The Free Software Foundation has responded to our analysis of figures that indicate that the proportion of open source projects using the GPL is in decline.

Specifically, FSF executive director John Sullivan gave a presentation at FOSDEM which asked “Is copyleft being framed”. You can find his slides here, a write-up about the presentation here, and Slashdot discussion here.

Most of the opposition to the earlier posts on this subject addressed perceived problems with the underlying data, specifically that it comes from Black Duck, which does not publish details of its methodology. John’s response is no exception. “That’s not science,” he asserts, with regards to the lack of clarity.

This is a valid criticism, which is why – prompted by Bradley M Kuhn – I previously went to a lot of effort to analyze data from Rubyforge, Freshmeat, ObjectWeb and the Free Software Foundation collected and published by FLOSSmole, only to find that it confirmed the trend suggested by Black Duck’s figures. I was personally therefore happy to use Black Duck’s figures for our update.

John Sullivan is not overly impressed with the FLOSSmole numbers either, noting that while they are verifiable, they do leave a number of questions related to the breadth and depth of the sample, the relative activity of the projects, whether all lines of code and applications should be treated equally, and how packages with multiple licenses are treated.

These are all also valid questions. As we previously noted, a study that *might* satisfy all questions related to license usage would have to take into account how many lines of code a project has; how often it is downloaded; its popularity in terms of number of users or developers; how often the project is being updated; how many of the developers are employed by a single vendor; and what proportion of the codebase is contributed by developers other than the core committers.

John offers some evidence of his own that suggests that the use of the GPL is in fact growing. Anyone hoping for the all-encompassing study mentioned above is in for some disappointment, however. It is based on a script-based analysis of the Debian GNU’Linux distribution codebase.

Nothing wrong with the script-based analysis – but a single GNU/Linux distribution considered to be a representative sample of all free and open source software?

That’s not science.

Tags: , ,


#1 That’s not science: the FSF’s analysis of GPL usage « Another Word For It on 03.06.12 at 8:09 pm

[…] That’s not science: the FSF’s analysis of GPL usage by Matthew Aslett. […]

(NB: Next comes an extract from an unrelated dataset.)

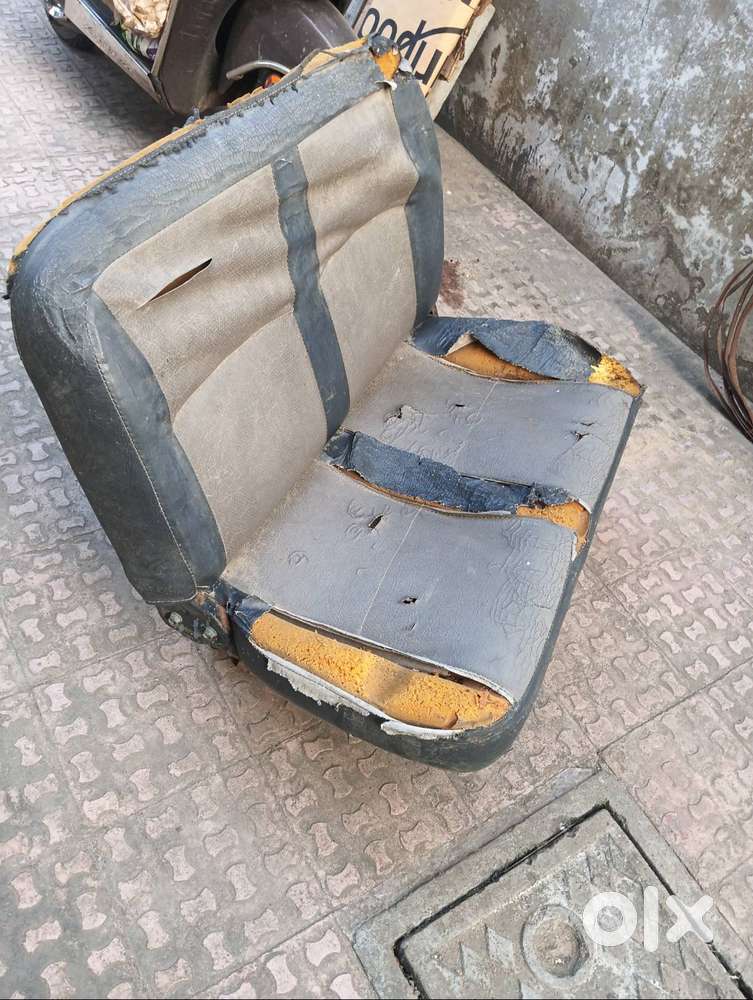 ECCO car seat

#2 John Sullivan on 05.29.14 at 5:54 pm

The advantages and disadvantages of focusing on a single GNU/Linux distro were given in the presentation — the claim of being representative was specifically not made.

Advantages include the fact that every package counted has been checked by human beings on a regular basis. Every package includes a license file. Every package is included because someone actually uses it.Packages which are egregiously unmaintained get removed and so not counted.

These things are advantages over broader studies which ignore the quality of the code, have a much bigger problem with trying to find the license at all, and have much higher risks of double-counting.

The script itself had problems (unstated assumptions), so it is indeed back to the drawing board on that, but the point of the presentation was to highlight how significantlly all of the assumptions made in the “studies” *radically* influence the results, and to highlight how bad the raw data on public code hosting sites actually is.